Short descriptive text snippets

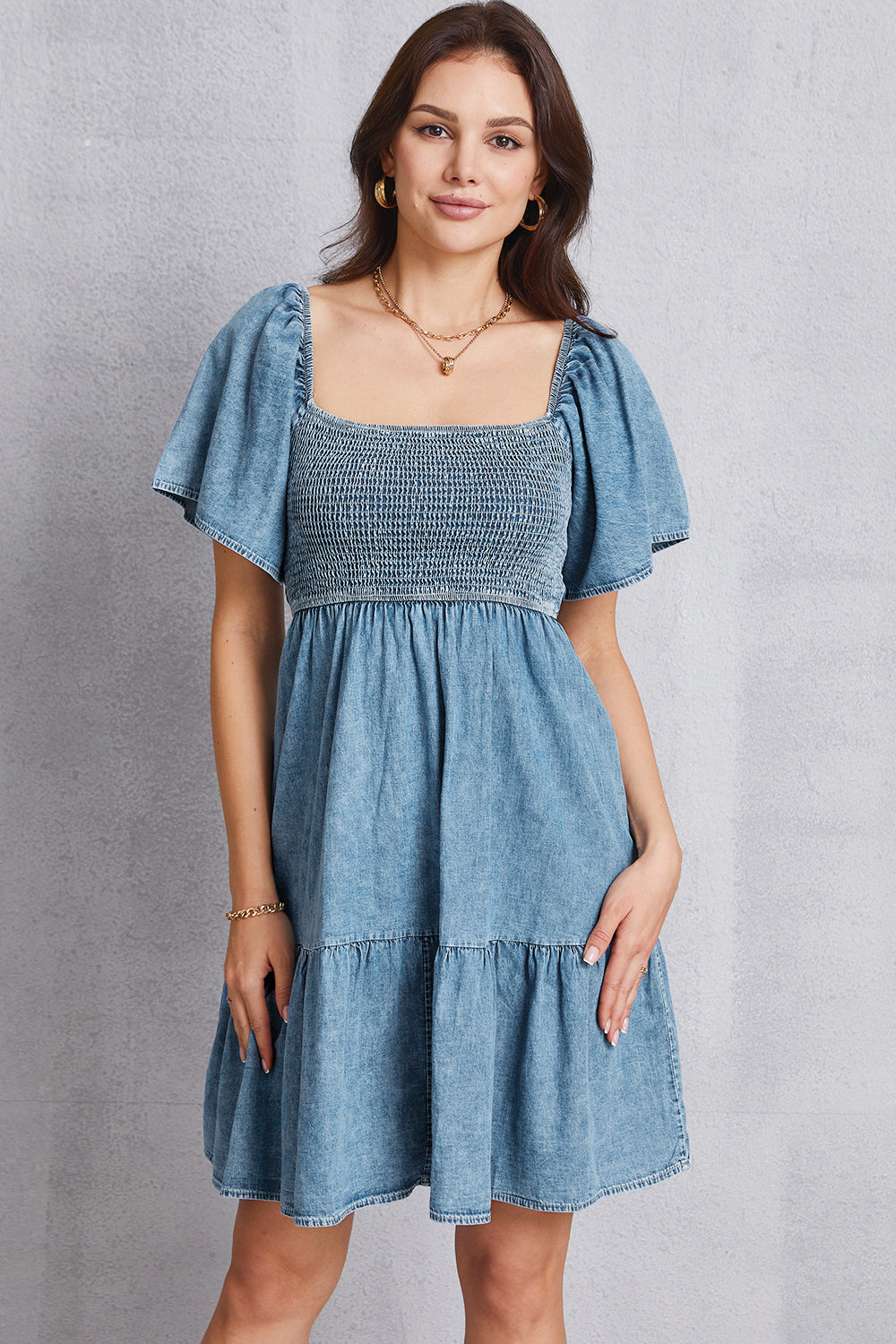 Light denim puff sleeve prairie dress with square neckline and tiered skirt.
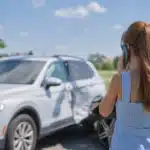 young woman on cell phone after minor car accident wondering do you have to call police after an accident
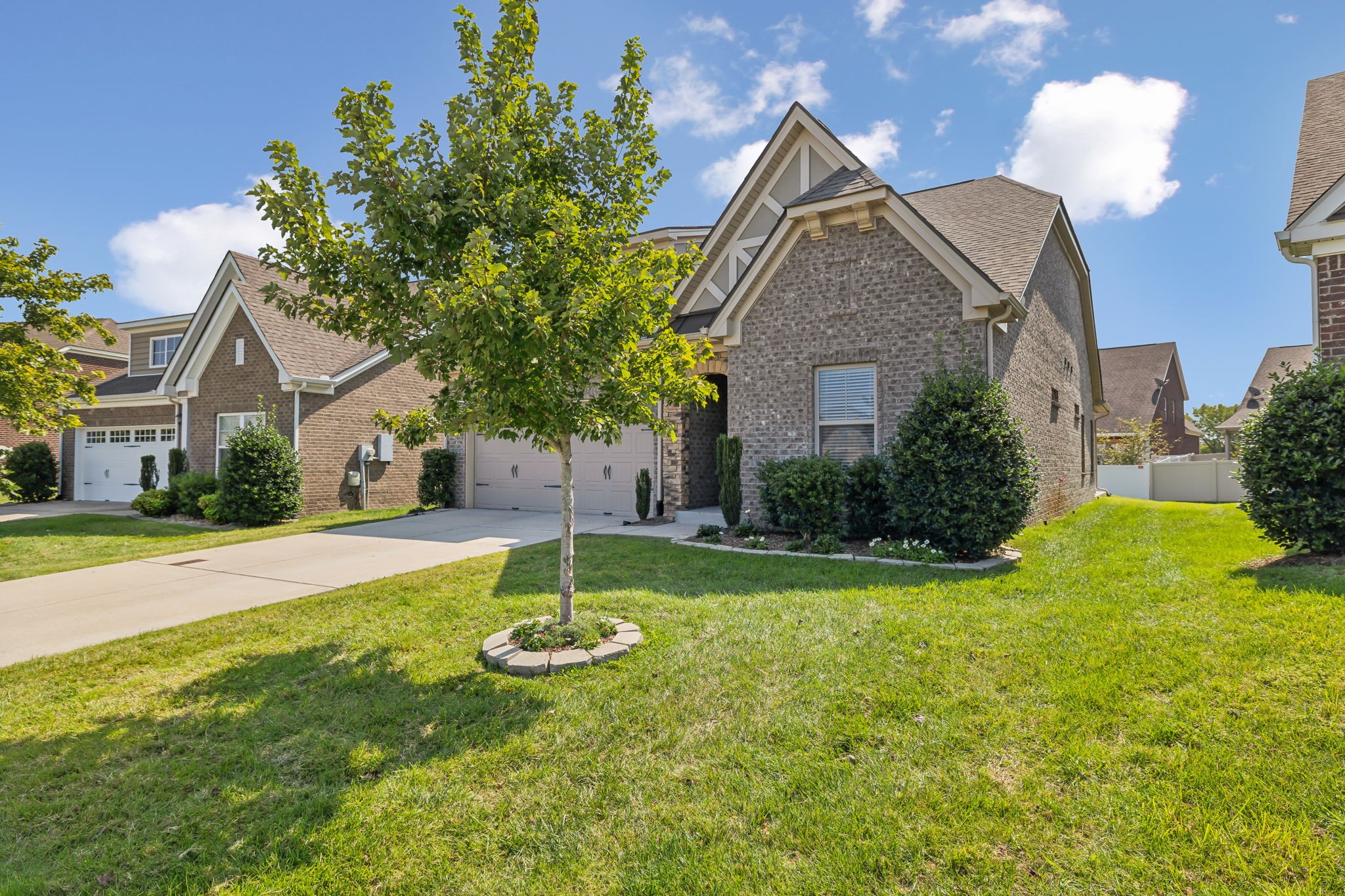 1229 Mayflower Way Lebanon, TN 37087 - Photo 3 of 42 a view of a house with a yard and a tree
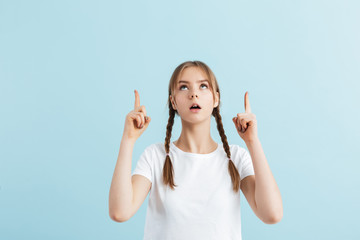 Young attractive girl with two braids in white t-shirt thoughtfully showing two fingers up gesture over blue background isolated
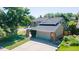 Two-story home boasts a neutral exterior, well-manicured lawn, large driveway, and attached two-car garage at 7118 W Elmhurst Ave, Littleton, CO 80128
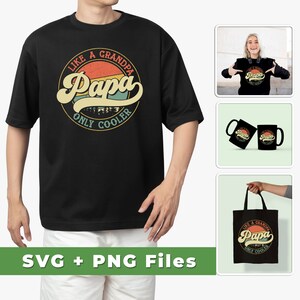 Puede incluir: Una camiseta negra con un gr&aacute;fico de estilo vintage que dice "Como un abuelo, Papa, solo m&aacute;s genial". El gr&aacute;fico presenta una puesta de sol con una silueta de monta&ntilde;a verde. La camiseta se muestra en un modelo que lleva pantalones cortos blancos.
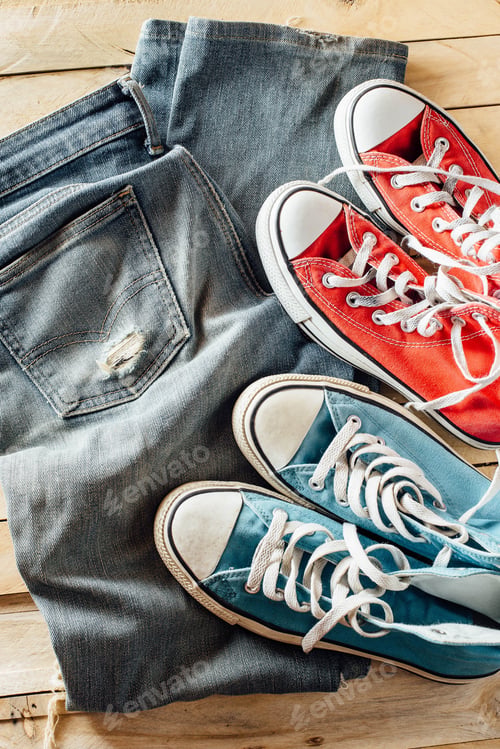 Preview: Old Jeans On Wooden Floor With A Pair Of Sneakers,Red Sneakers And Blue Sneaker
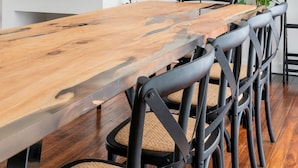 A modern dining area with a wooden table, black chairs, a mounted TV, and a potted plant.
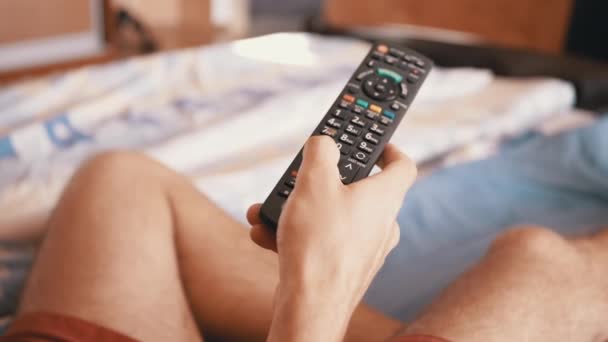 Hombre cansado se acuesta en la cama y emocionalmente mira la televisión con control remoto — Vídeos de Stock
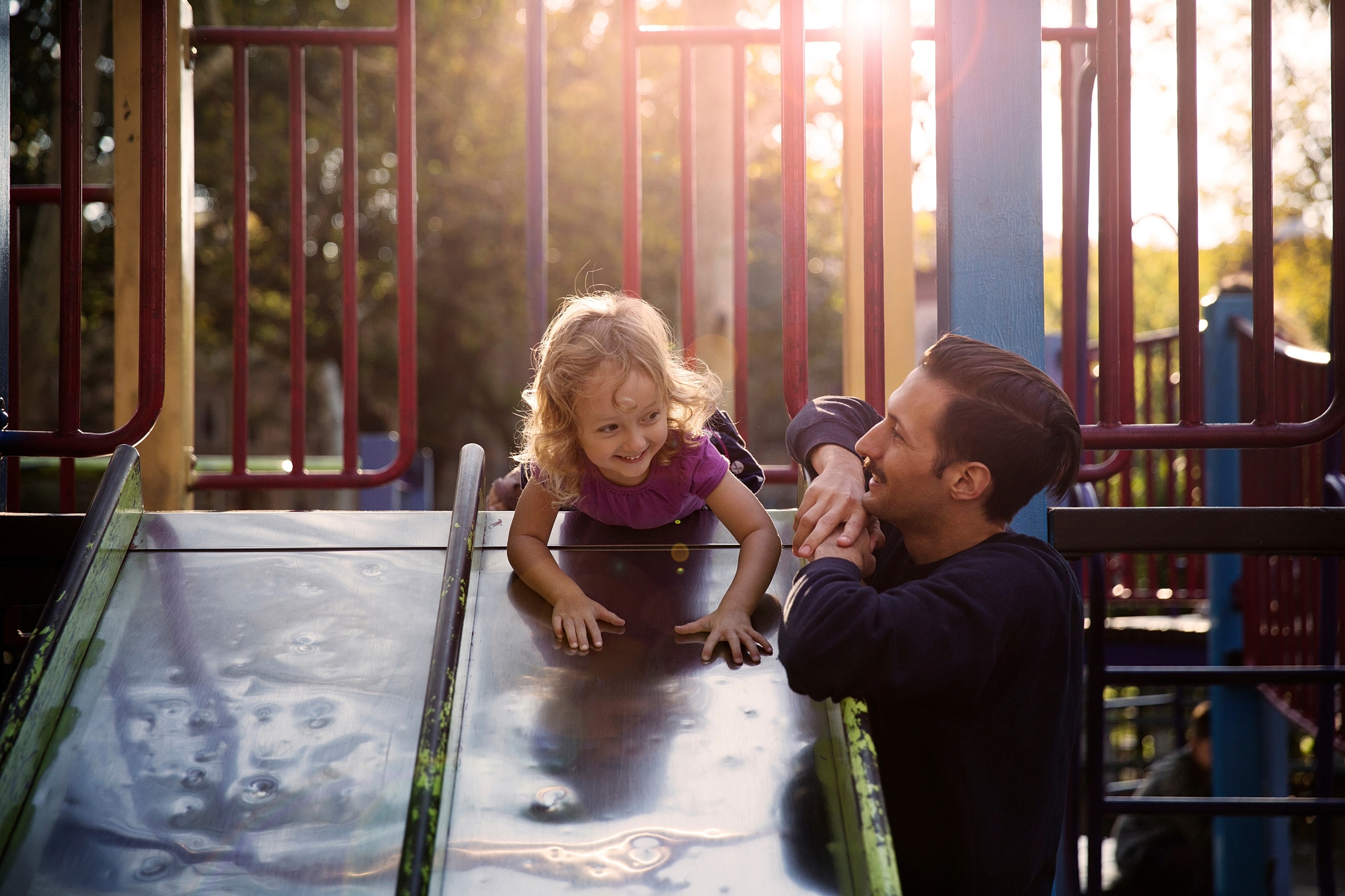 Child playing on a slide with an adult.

* PROBLEM REQUIREMENTS
Beginning with the line holding "A modern dining", copy each line exactly through the end of the records above, and leave every picture out.

* RESULT OF THIS EXERCISE
 A modern dining area with a wooden table, black chairs, a mounted TV, and a potted plant.
 Hombre cansado se acuesta en la cama y emocionalmente mira la televisión con control remoto — Vídeos de Stock
 Child playing on a slide with an adult.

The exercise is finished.